BEGIN RECORDS SHOWN

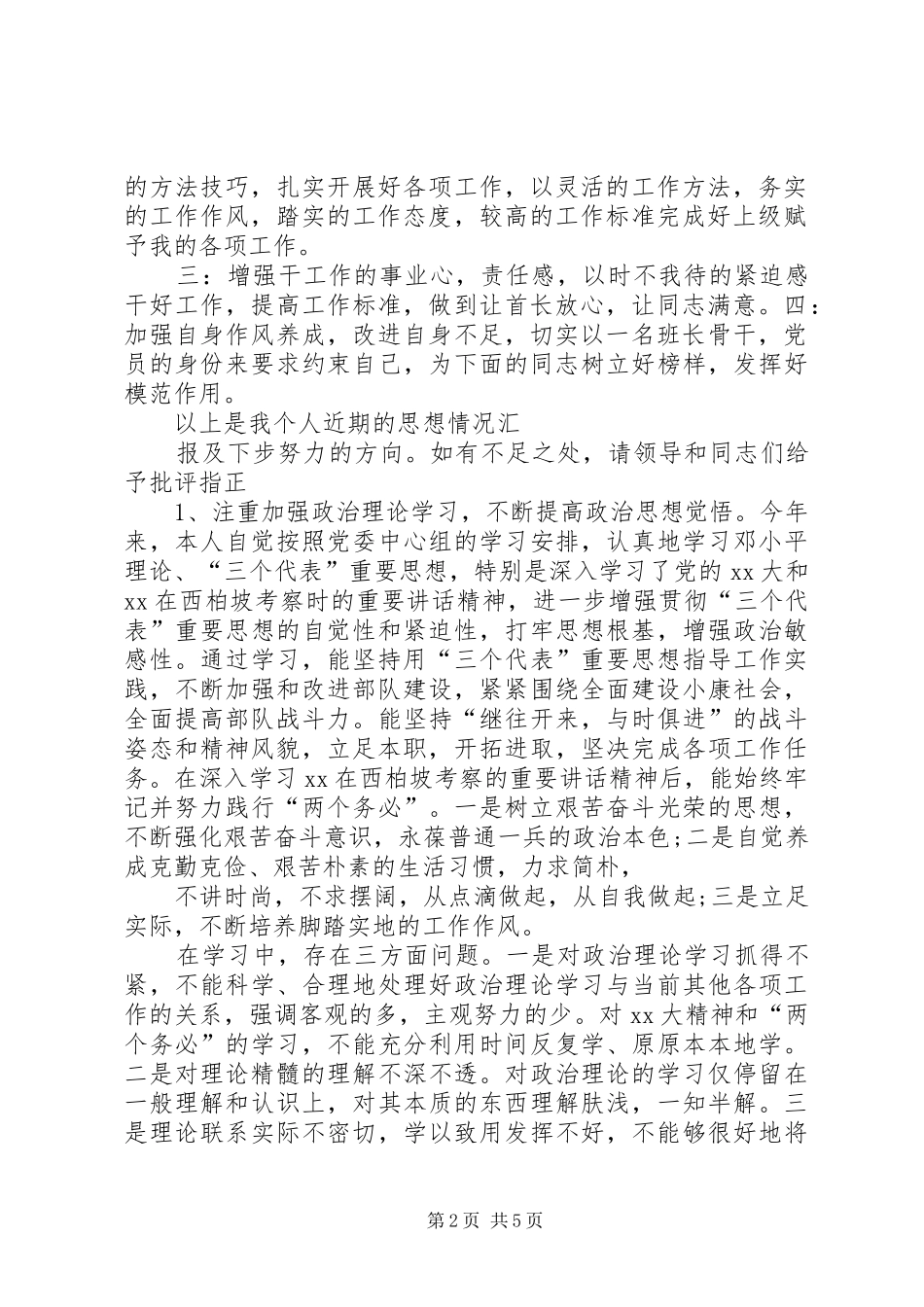 思想汇报标准版部队 _第2页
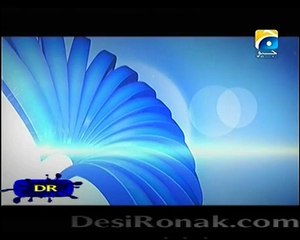 Bashar Momin 10th oct 2014 Promo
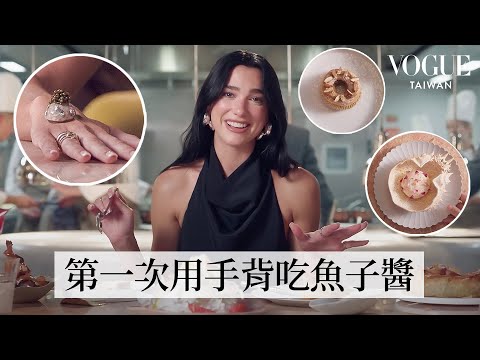 與Dua Lipa共進米其林法式佳餚!去巴黎必吃的甜點、首次吃烤鴿腿的心得?自稱沒有不敢吃的食物!|人物專訪|Vogue Taiwan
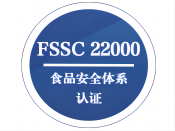 FSSC22000食品安全管理體系認證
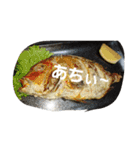 魚 龍 魚（個別スタンプ：13）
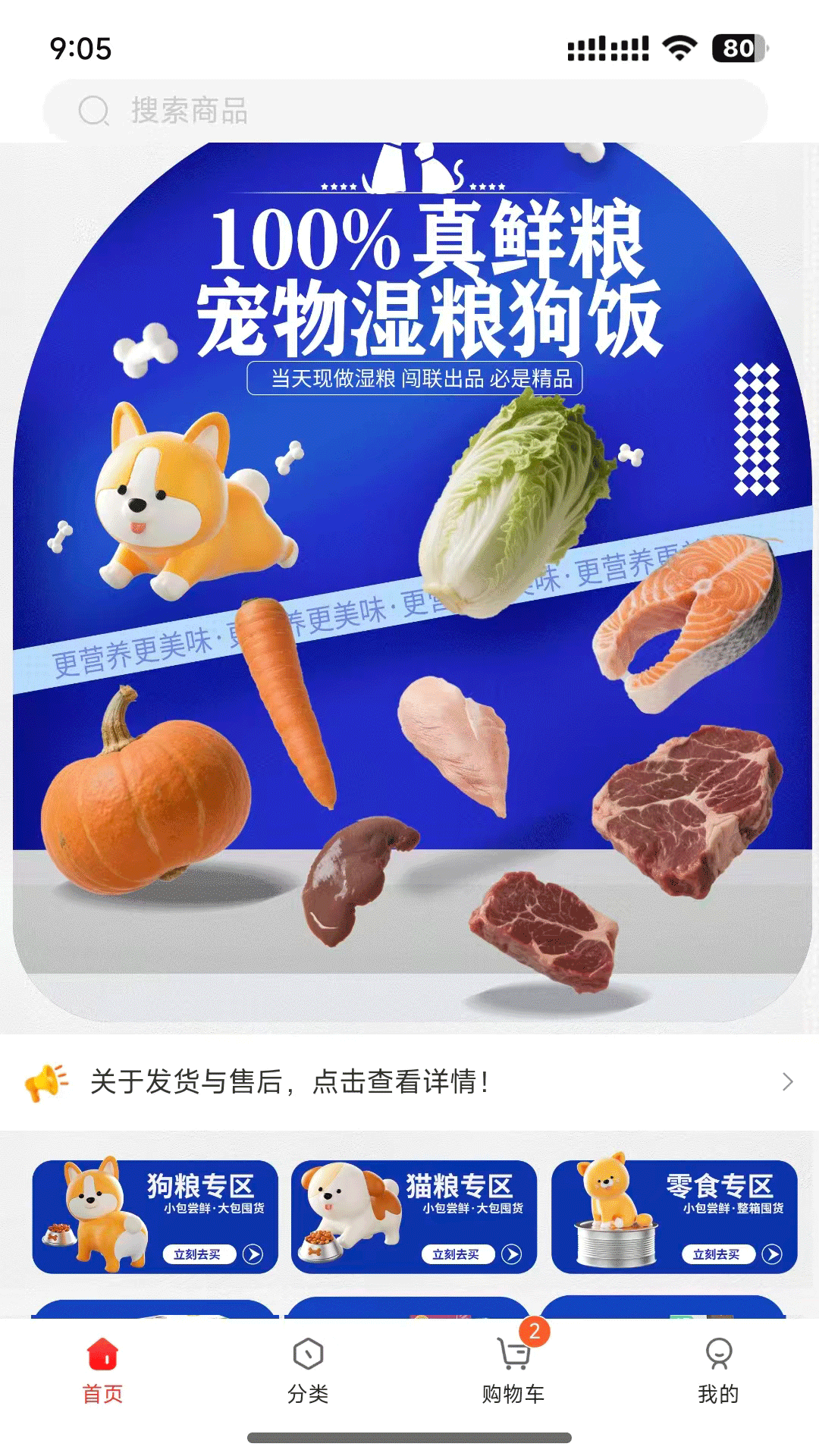 精彩截图-零一宠物2026官方新版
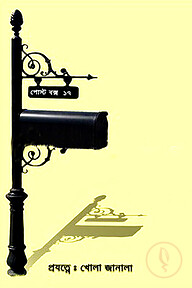 খোলা জানালা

END RECORDS SHOWN

- EXERCISE
Apart from the pictures, the whole listing should be reproduced exactly.

- RESULT FOR THIS TASK
 思想汇报标准版部队 _第2页
 Bashar Momin 10th oct 2014 Promo
 與Dua Lipa共進米其林法式佳餚!去巴黎必吃的甜點、首次吃烤鴿腿的心得?自稱沒有不敢吃的食物!|人物專訪|Vogue Taiwan
 FSSC22000食品安全管理體系認證
 魚 龍 魚（個別スタンプ：13）
 精彩截图-零一宠物2026官方新版
 খোলা জানালা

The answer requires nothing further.